THE PROBLEM ->
Please keep to the lines below from the one with "5 bedroom, 5" through the one with "Cirquinho do Revirado", and restate them word for word, ends included.
━━ EXTRACTED MATERIAL ━━
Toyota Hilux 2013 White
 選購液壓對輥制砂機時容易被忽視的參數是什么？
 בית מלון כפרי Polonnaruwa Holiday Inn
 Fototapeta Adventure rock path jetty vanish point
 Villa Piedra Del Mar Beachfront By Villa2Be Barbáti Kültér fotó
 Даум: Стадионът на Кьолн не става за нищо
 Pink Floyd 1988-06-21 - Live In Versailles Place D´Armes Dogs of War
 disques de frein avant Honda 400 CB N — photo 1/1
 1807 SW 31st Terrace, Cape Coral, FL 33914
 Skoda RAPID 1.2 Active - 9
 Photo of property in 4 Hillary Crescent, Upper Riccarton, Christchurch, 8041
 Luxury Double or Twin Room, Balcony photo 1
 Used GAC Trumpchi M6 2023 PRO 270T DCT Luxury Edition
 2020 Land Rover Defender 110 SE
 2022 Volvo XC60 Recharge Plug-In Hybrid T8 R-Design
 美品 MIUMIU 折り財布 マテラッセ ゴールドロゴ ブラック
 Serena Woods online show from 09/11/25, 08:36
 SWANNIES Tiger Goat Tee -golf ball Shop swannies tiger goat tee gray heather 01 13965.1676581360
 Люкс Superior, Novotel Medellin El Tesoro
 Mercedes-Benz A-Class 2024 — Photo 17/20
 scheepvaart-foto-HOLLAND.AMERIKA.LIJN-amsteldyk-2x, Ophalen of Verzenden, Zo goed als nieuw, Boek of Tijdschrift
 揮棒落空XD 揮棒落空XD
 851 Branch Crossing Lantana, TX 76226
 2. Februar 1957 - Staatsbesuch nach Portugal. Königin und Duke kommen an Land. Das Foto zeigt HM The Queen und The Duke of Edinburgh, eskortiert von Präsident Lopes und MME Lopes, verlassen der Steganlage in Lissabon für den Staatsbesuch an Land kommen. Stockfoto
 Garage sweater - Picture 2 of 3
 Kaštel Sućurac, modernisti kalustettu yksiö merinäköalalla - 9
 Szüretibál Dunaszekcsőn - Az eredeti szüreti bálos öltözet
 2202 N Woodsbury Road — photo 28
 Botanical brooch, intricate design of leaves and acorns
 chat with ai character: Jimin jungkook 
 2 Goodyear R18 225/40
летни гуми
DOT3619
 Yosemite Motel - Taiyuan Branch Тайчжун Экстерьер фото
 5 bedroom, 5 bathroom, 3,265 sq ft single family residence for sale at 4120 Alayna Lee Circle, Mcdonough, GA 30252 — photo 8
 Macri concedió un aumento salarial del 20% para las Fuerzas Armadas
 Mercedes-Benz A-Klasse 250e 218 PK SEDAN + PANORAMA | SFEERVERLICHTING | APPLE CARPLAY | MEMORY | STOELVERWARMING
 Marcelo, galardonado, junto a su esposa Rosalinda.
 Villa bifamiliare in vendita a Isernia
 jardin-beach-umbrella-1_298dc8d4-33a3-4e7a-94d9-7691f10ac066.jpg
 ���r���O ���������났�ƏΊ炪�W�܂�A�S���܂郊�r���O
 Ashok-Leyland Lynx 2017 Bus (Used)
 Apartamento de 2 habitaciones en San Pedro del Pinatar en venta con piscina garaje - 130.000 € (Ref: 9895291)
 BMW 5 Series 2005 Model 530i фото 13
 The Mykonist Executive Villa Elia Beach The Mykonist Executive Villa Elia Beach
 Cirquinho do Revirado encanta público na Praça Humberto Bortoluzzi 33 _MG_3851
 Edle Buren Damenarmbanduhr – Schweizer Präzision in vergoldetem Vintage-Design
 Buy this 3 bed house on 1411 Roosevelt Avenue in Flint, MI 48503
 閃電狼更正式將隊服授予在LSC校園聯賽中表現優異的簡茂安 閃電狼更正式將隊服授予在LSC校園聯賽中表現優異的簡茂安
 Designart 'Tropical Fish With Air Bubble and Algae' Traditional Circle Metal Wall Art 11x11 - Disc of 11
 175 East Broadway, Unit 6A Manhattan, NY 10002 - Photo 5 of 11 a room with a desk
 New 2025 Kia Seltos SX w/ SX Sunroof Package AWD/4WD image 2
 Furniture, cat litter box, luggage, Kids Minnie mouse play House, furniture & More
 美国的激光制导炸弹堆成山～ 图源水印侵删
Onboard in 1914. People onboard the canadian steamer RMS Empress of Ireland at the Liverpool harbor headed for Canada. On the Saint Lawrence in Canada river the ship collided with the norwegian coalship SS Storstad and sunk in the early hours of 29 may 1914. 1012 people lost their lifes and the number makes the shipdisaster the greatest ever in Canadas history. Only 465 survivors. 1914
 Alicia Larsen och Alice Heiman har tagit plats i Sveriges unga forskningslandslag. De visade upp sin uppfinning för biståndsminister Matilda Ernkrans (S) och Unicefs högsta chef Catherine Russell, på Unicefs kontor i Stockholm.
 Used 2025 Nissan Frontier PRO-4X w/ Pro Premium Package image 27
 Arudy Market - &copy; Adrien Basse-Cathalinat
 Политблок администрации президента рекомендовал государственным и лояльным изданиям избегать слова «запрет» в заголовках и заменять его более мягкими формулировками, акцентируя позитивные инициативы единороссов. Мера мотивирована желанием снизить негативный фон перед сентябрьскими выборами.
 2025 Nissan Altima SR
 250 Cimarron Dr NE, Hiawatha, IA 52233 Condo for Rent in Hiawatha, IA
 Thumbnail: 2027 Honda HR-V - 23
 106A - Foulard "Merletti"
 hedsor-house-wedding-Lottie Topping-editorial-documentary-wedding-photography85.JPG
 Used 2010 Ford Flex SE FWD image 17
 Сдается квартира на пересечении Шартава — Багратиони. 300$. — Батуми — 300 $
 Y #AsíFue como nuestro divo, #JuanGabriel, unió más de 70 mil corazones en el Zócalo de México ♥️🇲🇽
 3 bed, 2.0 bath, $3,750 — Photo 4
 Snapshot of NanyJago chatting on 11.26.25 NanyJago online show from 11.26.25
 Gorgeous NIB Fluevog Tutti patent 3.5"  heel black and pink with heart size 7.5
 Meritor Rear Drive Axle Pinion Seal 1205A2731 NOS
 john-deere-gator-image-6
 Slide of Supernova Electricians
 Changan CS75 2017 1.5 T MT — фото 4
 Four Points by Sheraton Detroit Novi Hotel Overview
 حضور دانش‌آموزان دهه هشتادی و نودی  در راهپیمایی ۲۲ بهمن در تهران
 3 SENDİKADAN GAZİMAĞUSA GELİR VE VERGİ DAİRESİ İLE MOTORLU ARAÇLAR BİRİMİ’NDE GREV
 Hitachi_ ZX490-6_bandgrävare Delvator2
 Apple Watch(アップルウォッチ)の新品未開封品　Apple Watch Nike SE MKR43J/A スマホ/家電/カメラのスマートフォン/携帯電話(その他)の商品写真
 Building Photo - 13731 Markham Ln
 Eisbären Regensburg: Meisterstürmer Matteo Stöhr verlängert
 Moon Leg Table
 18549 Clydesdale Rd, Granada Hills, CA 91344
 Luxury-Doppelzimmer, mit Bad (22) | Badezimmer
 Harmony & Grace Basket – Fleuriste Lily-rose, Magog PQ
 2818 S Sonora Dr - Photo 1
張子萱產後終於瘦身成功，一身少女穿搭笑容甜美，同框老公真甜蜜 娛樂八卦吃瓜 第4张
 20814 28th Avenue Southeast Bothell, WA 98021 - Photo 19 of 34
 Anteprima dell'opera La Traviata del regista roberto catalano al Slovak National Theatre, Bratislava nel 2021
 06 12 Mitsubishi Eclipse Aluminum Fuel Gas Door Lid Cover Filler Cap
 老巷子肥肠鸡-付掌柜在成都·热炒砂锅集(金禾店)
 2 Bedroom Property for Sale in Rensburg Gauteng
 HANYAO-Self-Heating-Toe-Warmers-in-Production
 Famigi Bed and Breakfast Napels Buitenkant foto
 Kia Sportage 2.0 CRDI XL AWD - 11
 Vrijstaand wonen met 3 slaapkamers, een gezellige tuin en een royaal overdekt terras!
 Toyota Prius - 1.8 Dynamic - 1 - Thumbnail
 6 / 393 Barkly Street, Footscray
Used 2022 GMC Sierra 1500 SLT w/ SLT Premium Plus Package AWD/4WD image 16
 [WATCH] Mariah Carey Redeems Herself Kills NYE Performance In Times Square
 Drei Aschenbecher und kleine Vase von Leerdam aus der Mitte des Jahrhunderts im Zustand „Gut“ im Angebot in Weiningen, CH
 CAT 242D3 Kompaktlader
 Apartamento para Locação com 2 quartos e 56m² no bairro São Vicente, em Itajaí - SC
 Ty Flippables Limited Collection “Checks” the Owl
━━━
EXERCISE ANSWER ->
 5 bedroom, 5 bathroom, 3,265 sq ft single family residence for sale at 4120 Alayna Lee Circle, Mcdonough, GA 30252 — photo 8
 Macri concedió un aumento salarial del 20% para las Fuerzas Armadas
 Mercedes-Benz A-Klasse 250e 218 PK SEDAN + PANORAMA | SFEERVERLICHTING | APPLE CARPLAY | MEMORY | STOELVERWARMING
 Marcelo, galardonado, junto a su esposa Rosalinda.
 Villa bifamiliare in vendita a Isernia
 jardin-beach-umbrella-1_298dc8d4-33a3-4e7a-94d9-7691f10ac066.jpg
 ���r���O ���������났�ƏΊ炪�W�܂�A�S���܂郊�r���O
 Ashok-Leyland Lynx 2017 Bus (Used)
 Apartamento de 2 habitaciones en San Pedro del Pinatar en venta con piscina garaje - 130.000 € (Ref: 9895291)
 BMW 5 Series 2005 Model 530i фото 13
 The Mykonist Executive Villa Elia Beach The Mykonist Executive Villa Elia Beach
 Cirquinho do Revirado encanta público na Praça Humberto Bortoluzzi 33 _MG_3851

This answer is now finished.